We've been tracking something unusual in luxury watch markets. While most heirlooms lose value the moment they leave the store, certain timepieces do the opposite. The Audemars Piguet Royal Oak sits at the center of this phenomenon.
Between 1972 and 1976, Audemars Piguet produced just 174 steel Royal Oaks and 12 in yellow gold. That limited production wasn't a marketing strategy. It was survival mode during the quartz crisis.
The scarcity created something unexpected.

In 1976, Jacqueline Dimier designed the first women's Royal Oak. She became one of the first female heads of product design in watchmaking, holding the position from 1975 to 1999. Her approach was radical for the era.
"I wanted the watch to stay big, which wasn't the trend for women at all," Dimier said. While other brands shrank women's watches and covered them in gemstones, she kept the bold proportions. The design refused to apologize for taking up space.
That decision matters now more than it did then.
Here's where the data gets interesting. Luxury watches appreciated by 147% over the last decade, according to the Knight Frank Luxury Investment Index. Between 2013 and 2022, they grew at an average annual rate of 7%. From 2020 to 2022 alone, that jumped to 27%.
Pre-owned models with original box and papers see resale prices increase by 20-30% compared to those without documentation. The investment potential of discontinued Royal Oak references outpaces new releases.
Why? Scarcity compounds over time.
New Royal Oaks enter a market flooded with current production. Pre-owned pieces, especially from limited runs like those early 1970s models, become rarer each year. Collectors compete for the same finite pool. Prices respond accordingly.

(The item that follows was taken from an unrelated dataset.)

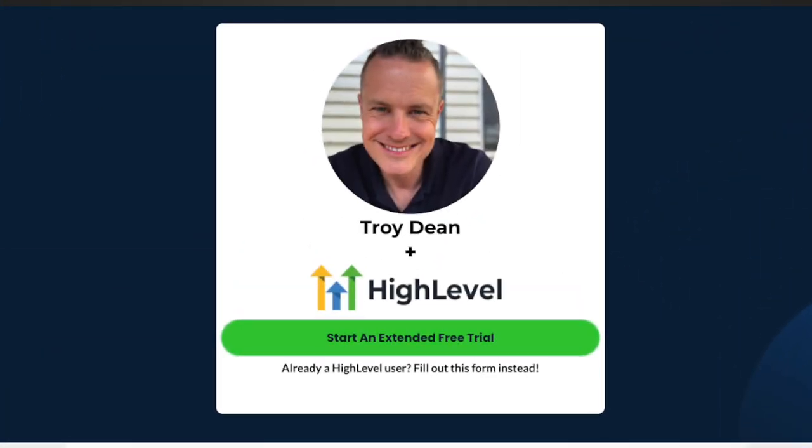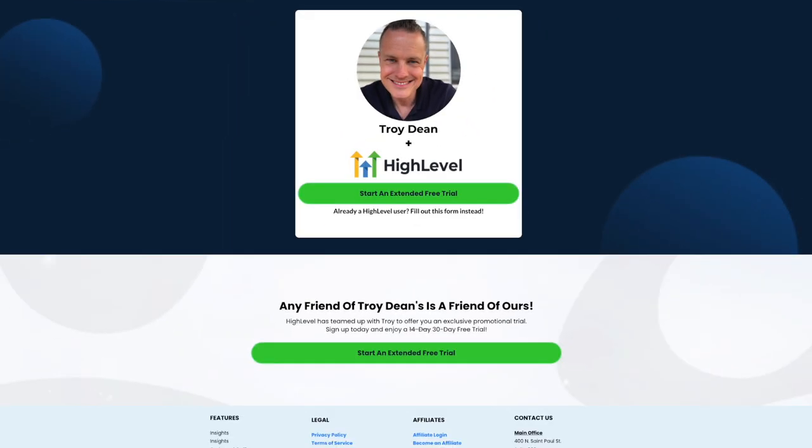Our affiliate link is in the description, so if you sign up, we will make a small commission. Now, in order to actually publish a landing page and some funnels for our client in HighLevel, we need to make sure that their domain is set up in HighLevel and then we need to set up a subdomain for the funnels to live on. The most common subdomain you'll probably see is LP, then your client's domain name.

We're watching a shift in how luxury items transfer value across generations. Traditional heirlooms—furniture, jewelry, even real estate—often require maintenance costs that erode their worth. A Royal Oak from 1976 needs servicing, but its market value has multiplied many times over.

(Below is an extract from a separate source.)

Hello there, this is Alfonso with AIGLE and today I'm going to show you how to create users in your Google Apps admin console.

The watch doesn't just hold value. It accrues it.
This creates an unusual dynamic for anyone thinking about heirloom investments. Buying new means paying retail premium for a piece that enters a saturated market. Buying pre-owned, particularly discontinued references with provenance, means acquiring an asset with demonstrated appreciation trajectory.

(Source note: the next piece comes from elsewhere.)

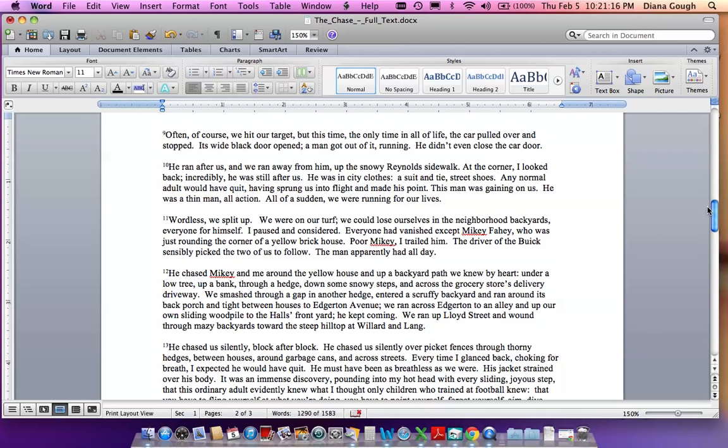He didn't even close the car door. He ran after us, and we ran away from him, up the snowy Reynolds sidewalk. At the corner, I looked back. Incredibly, he was still after us. He was in city clothes, a suit and tie, street shoes. Any normal adult would have quit, having sprung us into flight and made his point. This man was gaining on us. He was a thin man, all action. All of a sudden, we were running for our lives.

The math favors history over novelty.
Dimier's bold design choices in 1976 weren't thinking about resale value in 2025. She was solving for aesthetic integrity and challenging gender norms in watchmaking. But those decisions created lasting scarcity. The watches that refused to follow trends became the ones that defined them.
That's the heirloom paradox. The pieces built without compromise become the ones worth keeping.